NL-SLAM for OC-VLN: Natural Language Grounded SLAM for Object-Centric VLN

Sonia Raychaudhuri,Duy Ta,Katrina Ashton,Angel X. Chang,Jiuguang Wang,Bernadette Bucher
2024-11-12
Abstract:Landmark-based navigation (e.g. go to the wooden desk) and relative positional navigation (e.g. move 5 meters forward) are distinct navigation challenges solved very differently in existing robotics navigation methodology. We present a new dataset, OC-VLN, in order to distinctly evaluate grounding object-centric natural language navigation instructions in a method for performing landmark-based navigation. We also propose Natural Language grounded SLAM (NL-SLAM), a method to ground natural language instruction to robot observations and poses. We actively perform NL-SLAM in order to follow object-centric natural language navigation instructions. Our methods leverage pre-trained vision and language foundation models and require no task-specific training. We construct two strong baselines from state-of-the-art methods on related tasks, Object Goal Navigation and Vision Language Navigation, and we show that our approach, NL-SLAM, outperforms these baselines across all our metrics of success on OC-VLN. Finally, we successfully demonstrate the effectiveness of NL-SLAM for performing navigation instruction following in the real world on a Boston Dynamics Spot robot.

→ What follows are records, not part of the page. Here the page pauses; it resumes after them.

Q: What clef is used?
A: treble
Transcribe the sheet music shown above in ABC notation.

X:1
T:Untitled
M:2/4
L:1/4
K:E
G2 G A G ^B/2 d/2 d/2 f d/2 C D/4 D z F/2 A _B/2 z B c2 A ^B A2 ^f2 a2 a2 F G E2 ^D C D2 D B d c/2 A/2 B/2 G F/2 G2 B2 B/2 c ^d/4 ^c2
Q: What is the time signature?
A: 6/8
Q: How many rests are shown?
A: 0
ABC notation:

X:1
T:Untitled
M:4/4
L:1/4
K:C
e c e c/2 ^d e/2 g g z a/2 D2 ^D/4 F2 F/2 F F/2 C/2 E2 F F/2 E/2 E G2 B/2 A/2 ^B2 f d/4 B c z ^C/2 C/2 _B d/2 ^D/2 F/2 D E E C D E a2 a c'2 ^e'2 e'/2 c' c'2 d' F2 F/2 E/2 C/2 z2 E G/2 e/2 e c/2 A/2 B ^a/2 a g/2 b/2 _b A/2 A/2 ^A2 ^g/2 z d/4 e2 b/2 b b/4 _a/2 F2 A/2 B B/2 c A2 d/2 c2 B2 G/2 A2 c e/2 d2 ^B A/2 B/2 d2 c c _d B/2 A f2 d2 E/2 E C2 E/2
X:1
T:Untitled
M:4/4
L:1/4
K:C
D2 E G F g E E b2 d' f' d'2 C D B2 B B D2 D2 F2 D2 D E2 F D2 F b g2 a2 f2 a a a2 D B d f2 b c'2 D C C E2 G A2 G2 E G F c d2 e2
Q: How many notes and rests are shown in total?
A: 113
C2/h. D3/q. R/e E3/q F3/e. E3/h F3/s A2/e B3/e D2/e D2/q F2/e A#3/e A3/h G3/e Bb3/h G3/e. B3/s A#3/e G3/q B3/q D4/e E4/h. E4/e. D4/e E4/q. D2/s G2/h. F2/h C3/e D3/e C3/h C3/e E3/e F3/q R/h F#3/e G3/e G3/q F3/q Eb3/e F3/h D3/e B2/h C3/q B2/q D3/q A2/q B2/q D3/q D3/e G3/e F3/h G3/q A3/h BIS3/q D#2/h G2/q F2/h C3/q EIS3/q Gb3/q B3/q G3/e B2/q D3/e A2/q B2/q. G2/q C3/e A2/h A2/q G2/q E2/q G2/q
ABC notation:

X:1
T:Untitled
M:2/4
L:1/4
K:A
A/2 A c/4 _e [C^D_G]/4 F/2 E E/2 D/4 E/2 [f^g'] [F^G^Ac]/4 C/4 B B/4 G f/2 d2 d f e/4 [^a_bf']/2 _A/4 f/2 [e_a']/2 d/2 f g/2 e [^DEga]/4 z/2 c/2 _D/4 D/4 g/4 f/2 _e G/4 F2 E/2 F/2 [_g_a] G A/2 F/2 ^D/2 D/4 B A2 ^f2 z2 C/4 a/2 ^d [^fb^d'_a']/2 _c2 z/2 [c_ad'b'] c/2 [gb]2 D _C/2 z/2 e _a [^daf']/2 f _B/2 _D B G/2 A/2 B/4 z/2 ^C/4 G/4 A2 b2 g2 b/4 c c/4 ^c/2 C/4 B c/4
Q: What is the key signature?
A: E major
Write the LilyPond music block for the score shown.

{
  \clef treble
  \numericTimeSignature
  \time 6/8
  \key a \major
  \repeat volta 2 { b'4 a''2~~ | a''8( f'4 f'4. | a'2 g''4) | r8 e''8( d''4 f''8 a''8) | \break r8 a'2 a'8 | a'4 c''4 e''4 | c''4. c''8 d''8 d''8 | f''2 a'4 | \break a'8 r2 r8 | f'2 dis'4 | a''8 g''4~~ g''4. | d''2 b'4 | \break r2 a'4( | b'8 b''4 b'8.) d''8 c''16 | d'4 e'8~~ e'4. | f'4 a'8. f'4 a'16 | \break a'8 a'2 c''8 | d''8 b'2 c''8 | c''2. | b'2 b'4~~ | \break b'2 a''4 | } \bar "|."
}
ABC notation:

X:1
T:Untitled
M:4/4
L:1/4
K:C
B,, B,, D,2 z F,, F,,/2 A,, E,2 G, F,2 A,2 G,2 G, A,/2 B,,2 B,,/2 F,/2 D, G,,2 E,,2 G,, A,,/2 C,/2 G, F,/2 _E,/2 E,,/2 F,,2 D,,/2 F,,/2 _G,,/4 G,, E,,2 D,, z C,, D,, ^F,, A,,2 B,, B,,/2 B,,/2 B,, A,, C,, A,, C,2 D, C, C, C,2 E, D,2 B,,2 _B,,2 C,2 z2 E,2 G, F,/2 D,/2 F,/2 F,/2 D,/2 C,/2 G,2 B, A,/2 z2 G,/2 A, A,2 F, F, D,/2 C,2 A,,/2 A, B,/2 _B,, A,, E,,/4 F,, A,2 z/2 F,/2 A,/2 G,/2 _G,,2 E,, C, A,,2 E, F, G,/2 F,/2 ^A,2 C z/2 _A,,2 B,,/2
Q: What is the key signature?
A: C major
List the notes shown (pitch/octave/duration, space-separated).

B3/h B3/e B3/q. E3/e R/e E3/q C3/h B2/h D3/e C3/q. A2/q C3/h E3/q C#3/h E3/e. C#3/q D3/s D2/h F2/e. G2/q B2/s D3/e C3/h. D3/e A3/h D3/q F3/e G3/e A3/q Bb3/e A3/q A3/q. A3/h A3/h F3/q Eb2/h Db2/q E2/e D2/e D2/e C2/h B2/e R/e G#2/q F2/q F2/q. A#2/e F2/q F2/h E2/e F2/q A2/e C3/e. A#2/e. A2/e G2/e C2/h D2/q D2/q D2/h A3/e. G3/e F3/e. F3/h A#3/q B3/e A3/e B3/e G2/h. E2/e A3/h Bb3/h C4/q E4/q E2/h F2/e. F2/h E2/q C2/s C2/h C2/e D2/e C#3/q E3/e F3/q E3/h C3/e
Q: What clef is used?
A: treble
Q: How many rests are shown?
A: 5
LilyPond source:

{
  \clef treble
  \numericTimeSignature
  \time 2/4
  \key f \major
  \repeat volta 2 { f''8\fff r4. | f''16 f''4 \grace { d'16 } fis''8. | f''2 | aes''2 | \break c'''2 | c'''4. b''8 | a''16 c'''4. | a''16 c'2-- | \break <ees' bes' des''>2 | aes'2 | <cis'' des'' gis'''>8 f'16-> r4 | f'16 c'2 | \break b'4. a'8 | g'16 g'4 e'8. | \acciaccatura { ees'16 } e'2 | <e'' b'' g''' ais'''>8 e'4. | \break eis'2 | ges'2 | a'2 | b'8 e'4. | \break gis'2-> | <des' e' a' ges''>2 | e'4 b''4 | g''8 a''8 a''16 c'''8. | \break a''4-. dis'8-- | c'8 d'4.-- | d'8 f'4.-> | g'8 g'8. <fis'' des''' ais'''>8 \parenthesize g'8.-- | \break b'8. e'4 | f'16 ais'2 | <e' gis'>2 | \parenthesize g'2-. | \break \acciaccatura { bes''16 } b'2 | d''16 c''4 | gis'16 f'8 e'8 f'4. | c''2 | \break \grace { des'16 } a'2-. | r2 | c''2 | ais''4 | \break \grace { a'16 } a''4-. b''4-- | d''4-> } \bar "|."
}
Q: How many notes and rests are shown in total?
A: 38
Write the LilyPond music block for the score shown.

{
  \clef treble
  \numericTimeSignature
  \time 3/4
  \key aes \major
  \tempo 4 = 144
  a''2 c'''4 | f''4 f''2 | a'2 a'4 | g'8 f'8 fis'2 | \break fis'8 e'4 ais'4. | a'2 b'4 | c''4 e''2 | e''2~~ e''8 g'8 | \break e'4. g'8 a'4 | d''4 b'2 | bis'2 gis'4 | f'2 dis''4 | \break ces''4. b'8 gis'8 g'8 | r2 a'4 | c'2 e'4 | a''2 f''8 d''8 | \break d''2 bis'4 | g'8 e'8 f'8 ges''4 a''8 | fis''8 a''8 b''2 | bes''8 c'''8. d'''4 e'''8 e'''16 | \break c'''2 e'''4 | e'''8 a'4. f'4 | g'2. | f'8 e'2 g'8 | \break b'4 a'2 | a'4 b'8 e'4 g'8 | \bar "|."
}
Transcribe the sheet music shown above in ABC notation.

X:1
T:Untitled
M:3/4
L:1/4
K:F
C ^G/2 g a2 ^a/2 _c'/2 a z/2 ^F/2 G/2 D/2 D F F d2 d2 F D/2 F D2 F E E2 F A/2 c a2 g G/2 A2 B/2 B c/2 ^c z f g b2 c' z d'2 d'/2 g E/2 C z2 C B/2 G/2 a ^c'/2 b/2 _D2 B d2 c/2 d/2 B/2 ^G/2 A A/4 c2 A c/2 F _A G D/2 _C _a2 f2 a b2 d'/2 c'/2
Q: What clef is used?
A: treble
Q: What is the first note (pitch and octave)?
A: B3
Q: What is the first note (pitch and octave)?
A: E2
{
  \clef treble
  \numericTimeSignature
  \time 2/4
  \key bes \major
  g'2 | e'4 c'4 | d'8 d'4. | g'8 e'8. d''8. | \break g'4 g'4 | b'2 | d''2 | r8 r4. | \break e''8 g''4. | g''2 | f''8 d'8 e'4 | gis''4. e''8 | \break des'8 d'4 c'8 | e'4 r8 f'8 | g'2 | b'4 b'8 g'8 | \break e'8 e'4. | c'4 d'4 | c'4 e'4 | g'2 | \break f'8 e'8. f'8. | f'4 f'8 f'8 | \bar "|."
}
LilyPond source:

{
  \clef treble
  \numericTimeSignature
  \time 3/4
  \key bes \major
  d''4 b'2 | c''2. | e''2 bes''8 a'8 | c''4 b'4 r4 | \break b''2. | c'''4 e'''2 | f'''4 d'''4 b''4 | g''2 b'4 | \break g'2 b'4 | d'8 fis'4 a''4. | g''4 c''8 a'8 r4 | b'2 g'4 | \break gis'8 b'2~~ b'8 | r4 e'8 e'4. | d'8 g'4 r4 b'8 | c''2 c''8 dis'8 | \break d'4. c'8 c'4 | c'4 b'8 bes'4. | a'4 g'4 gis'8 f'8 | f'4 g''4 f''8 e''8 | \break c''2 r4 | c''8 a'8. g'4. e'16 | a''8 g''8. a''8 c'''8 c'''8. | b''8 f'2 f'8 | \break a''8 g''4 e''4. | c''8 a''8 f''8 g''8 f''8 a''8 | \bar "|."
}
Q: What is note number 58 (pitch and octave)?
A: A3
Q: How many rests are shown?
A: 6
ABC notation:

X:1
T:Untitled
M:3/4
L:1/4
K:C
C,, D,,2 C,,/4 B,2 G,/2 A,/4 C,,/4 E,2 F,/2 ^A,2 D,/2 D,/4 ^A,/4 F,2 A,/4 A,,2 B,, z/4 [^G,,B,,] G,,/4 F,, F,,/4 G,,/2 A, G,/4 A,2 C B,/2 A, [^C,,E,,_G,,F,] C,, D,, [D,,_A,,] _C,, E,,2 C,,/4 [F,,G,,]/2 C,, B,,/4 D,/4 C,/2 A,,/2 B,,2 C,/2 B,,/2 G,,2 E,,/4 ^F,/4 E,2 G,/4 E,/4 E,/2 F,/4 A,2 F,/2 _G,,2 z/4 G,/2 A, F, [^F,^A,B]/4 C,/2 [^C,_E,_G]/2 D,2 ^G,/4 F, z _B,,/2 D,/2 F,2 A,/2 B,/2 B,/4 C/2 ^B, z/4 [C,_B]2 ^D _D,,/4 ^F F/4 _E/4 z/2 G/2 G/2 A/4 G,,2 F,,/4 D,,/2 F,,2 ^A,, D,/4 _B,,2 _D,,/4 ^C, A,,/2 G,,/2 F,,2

Robotics,Computer Vision and Pattern Recognition
What problem does this paper attempt to address?
The problem that this paper attempts to solve is how to effectively combine natural language instructions and environmental observations in robot navigation to achieve object - based goal - directed navigation. Specifically, the paper proposes a new dataset named OC - VLN, which focuses on studying the object - based navigation instruction - following task. In addition, the paper also proposes a new method - Natural Language - supported Simultaneous Localization and Mapping (NL - SLAM). This method can align natural language instructions with the robot's observations and poses, thereby achieving the accurate execution of navigation instructions. Through this method, after receiving natural language instructions, the robot can use the prior information provided by these instructions and combine the observational data in the actual environment to complete the navigation task more accurately. This research aims to bridge the gap between language guidance and spatial perception and improve the autonomous navigation ability of robots in complex environments.